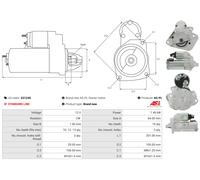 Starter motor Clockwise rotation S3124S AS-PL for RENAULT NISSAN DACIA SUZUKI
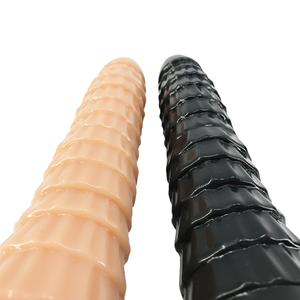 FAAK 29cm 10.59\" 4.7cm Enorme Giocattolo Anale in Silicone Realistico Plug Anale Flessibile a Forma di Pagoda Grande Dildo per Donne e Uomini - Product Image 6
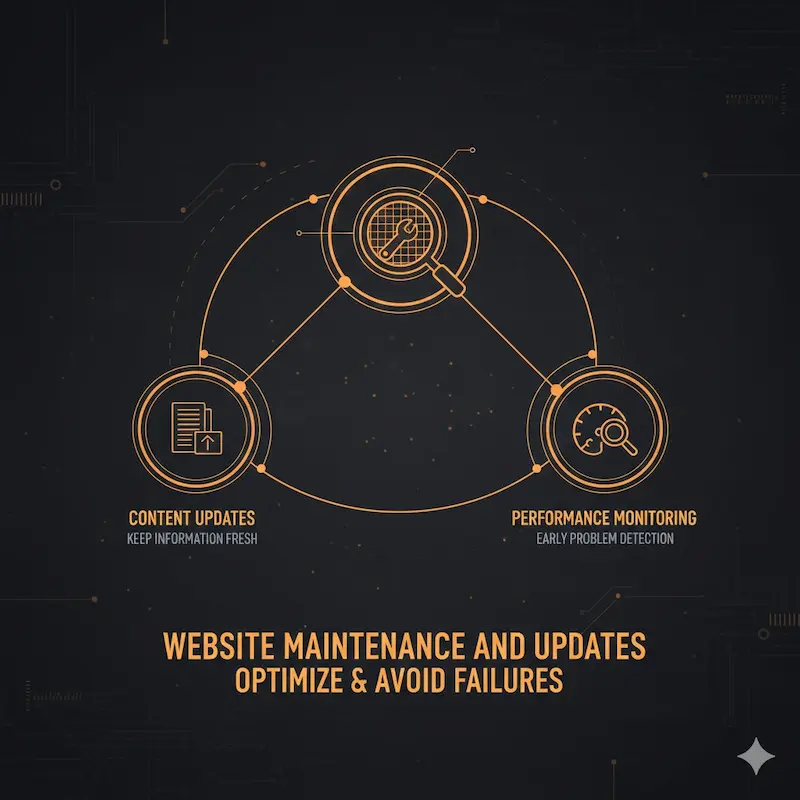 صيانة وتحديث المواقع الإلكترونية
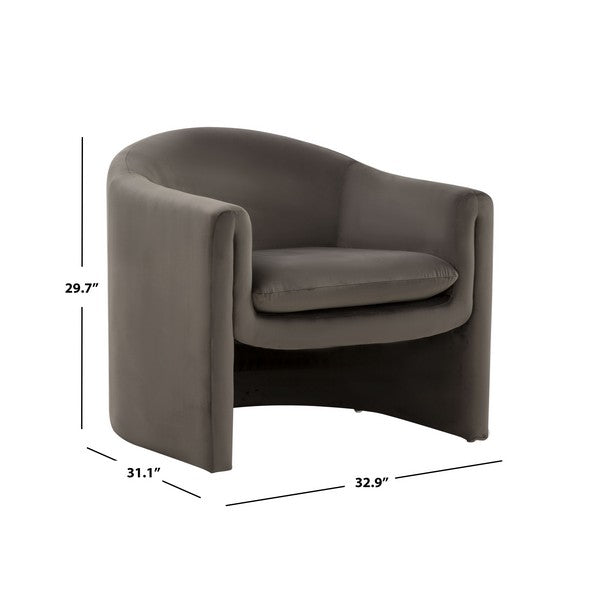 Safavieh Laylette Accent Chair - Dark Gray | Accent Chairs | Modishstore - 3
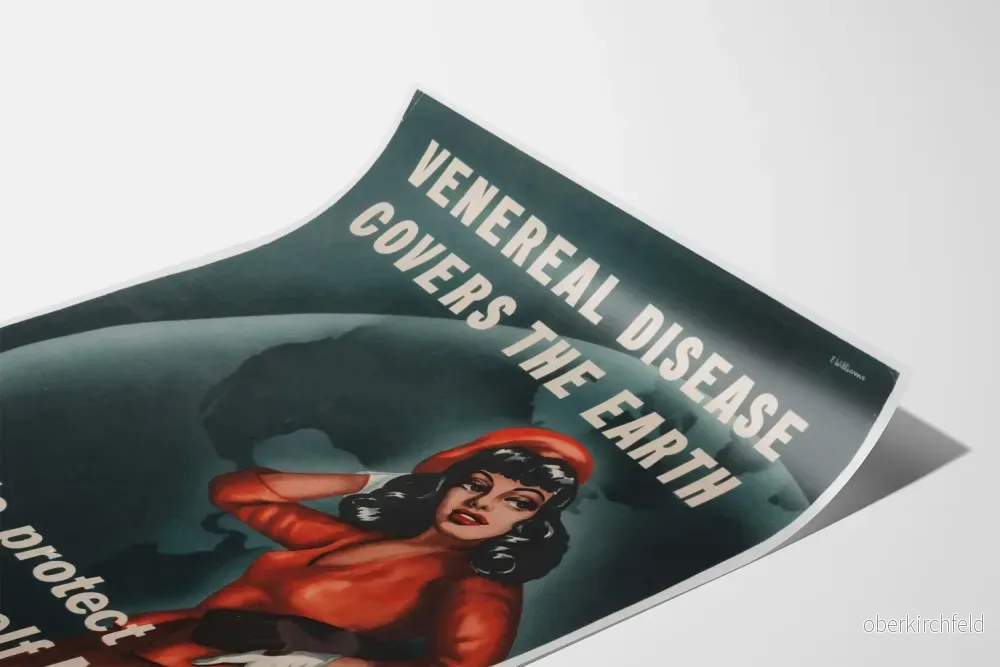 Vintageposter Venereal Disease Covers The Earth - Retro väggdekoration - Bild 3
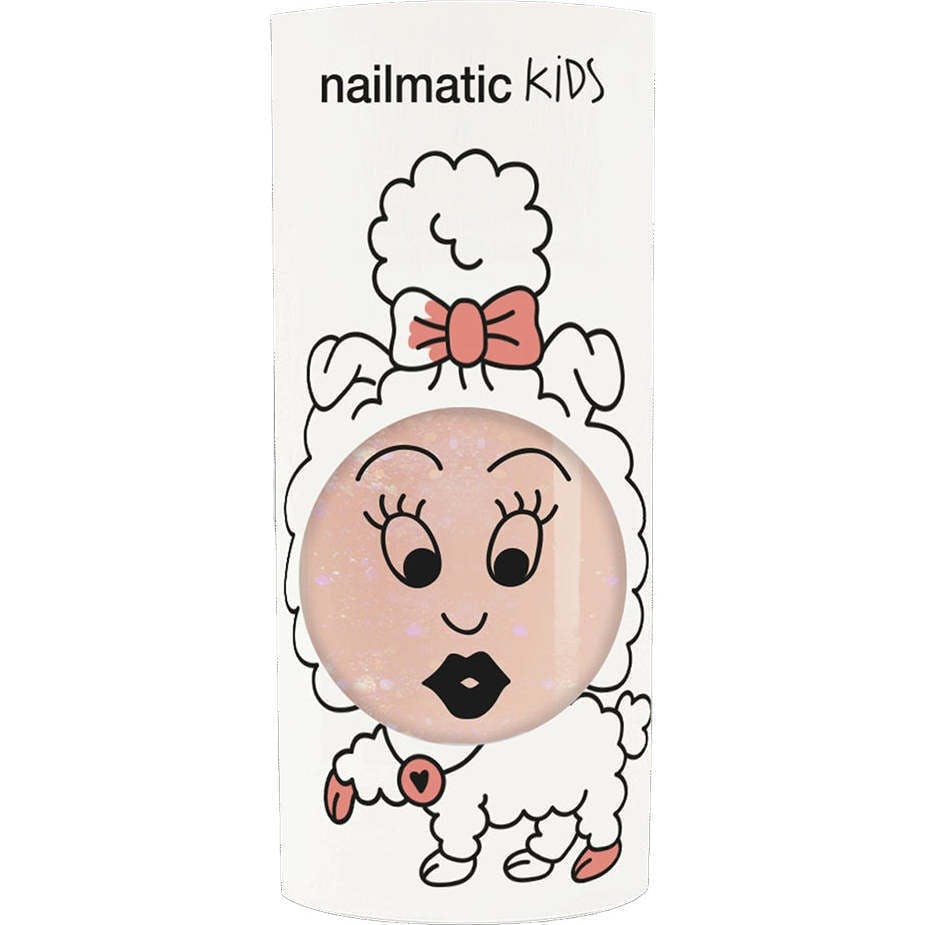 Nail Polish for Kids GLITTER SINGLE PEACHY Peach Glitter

==========

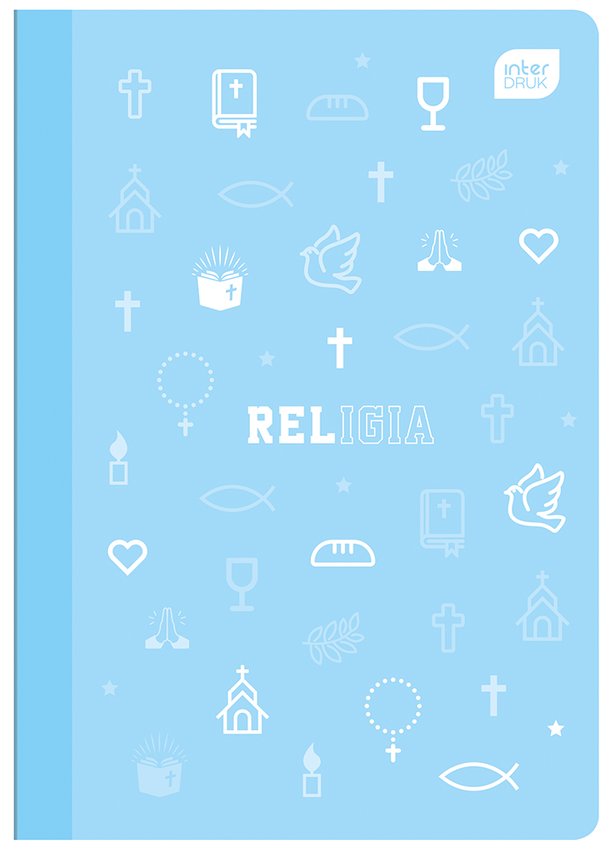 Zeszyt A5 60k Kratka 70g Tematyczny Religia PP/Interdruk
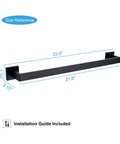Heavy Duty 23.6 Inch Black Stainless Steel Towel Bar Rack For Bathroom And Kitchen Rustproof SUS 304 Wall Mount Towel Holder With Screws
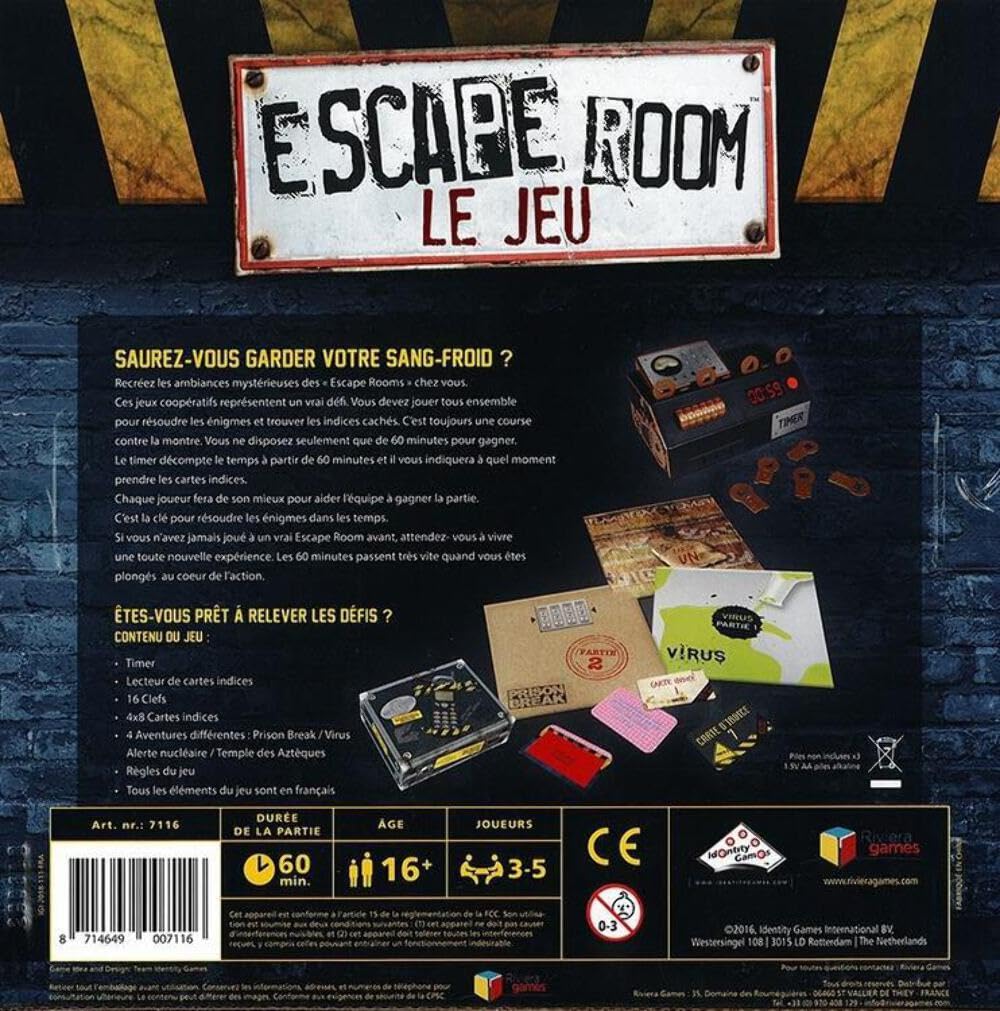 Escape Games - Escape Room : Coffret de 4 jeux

==========

Requirement ▸ Nothing outside the stretch above, from the line with "Starter motor Clockwise" through the line with "Nail Polish for", is set down. Transcribe that stretch exactly, ends included, but not its pictures.

Task solution ▸
 Starter motor Clockwise rotation S3124S AS-PL for RENAULT NISSAN DACIA SUZUKI
 FAAK 29cm 10.59\" 4.7cm Enorme Giocattolo Anale in Silicone Realistico Plug Anale Flessibile a Forma di Pagoda Grande Dildo per Donne e Uomini - Product Image 6
 صيانة وتحديث المواقع الإلكترونية
 Safavieh Laylette Accent Chair - Dark Gray | Accent Chairs | Modishstore - 3
 Vintageposter Venereal Disease Covers The Earth - Retro väggdekoration - Bild 3
 Nail Polish for Kids GLITTER SINGLE PEACHY Peach Glitter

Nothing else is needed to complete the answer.